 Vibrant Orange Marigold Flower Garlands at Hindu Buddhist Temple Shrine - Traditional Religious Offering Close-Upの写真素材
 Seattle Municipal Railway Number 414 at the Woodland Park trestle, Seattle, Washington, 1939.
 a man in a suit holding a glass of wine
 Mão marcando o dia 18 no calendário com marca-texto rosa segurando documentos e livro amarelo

---

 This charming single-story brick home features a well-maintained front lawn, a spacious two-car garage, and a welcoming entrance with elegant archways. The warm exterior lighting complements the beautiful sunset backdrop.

* * *

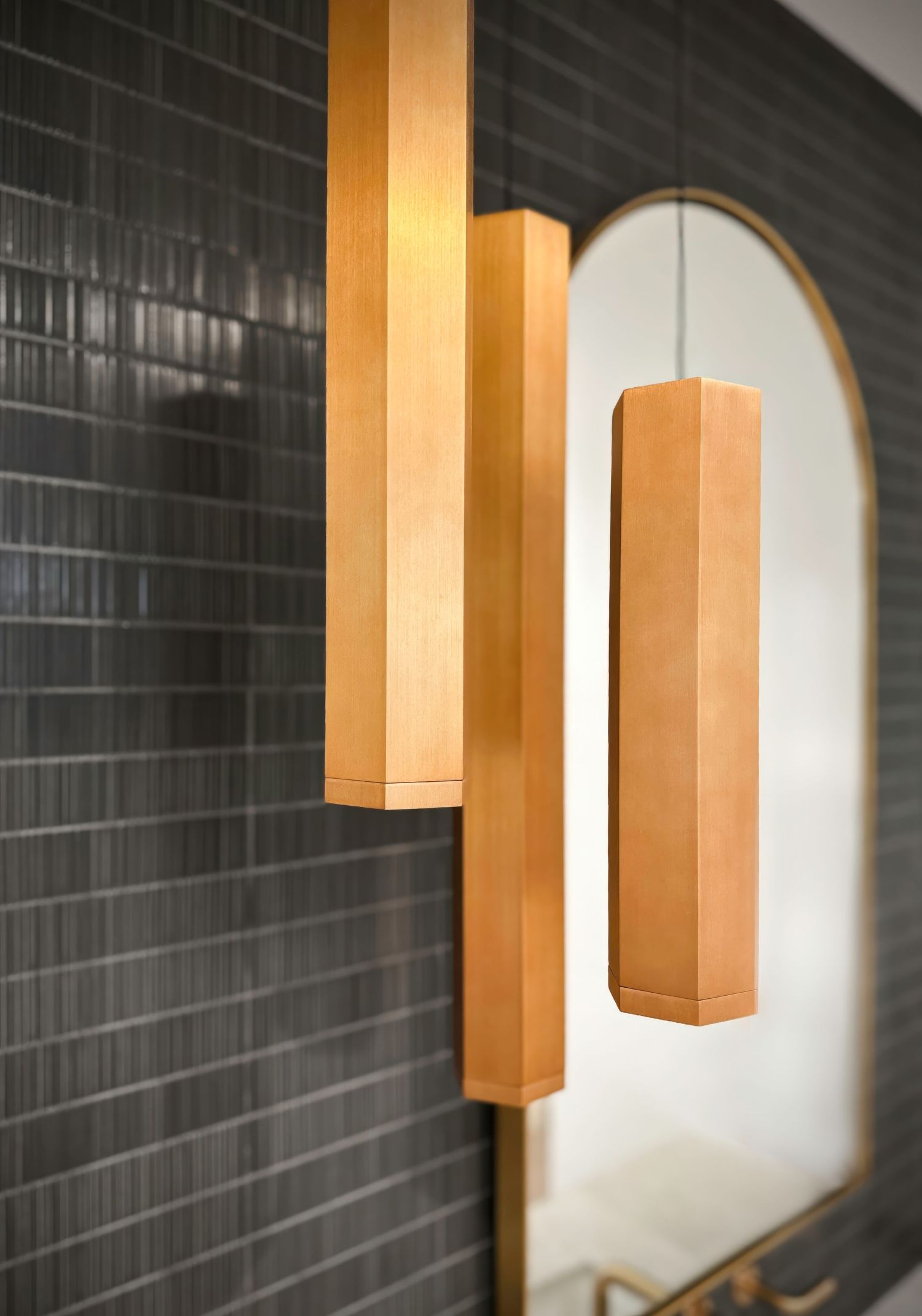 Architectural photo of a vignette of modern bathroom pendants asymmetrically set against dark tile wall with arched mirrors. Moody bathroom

Aim of the exercise:
Could you repeat exactly the lines above from the line with "Vibrant Orange Marigold" up to and including the line with "Mão marcando o", and only those?

Task result:
 Vibrant Orange Marigold Flower Garlands at Hindu Buddhist Temple Shrine - Traditional Religious Offering Close-Upの写真素材
 Seattle Municipal Railway Number 414 at the Woodland Park trestle, Seattle, Washington, 1939.
 a man in a suit holding a glass of wine
 Mão marcando o dia 18 no calendário com marca-texto rosa segurando documentos e livro amarelo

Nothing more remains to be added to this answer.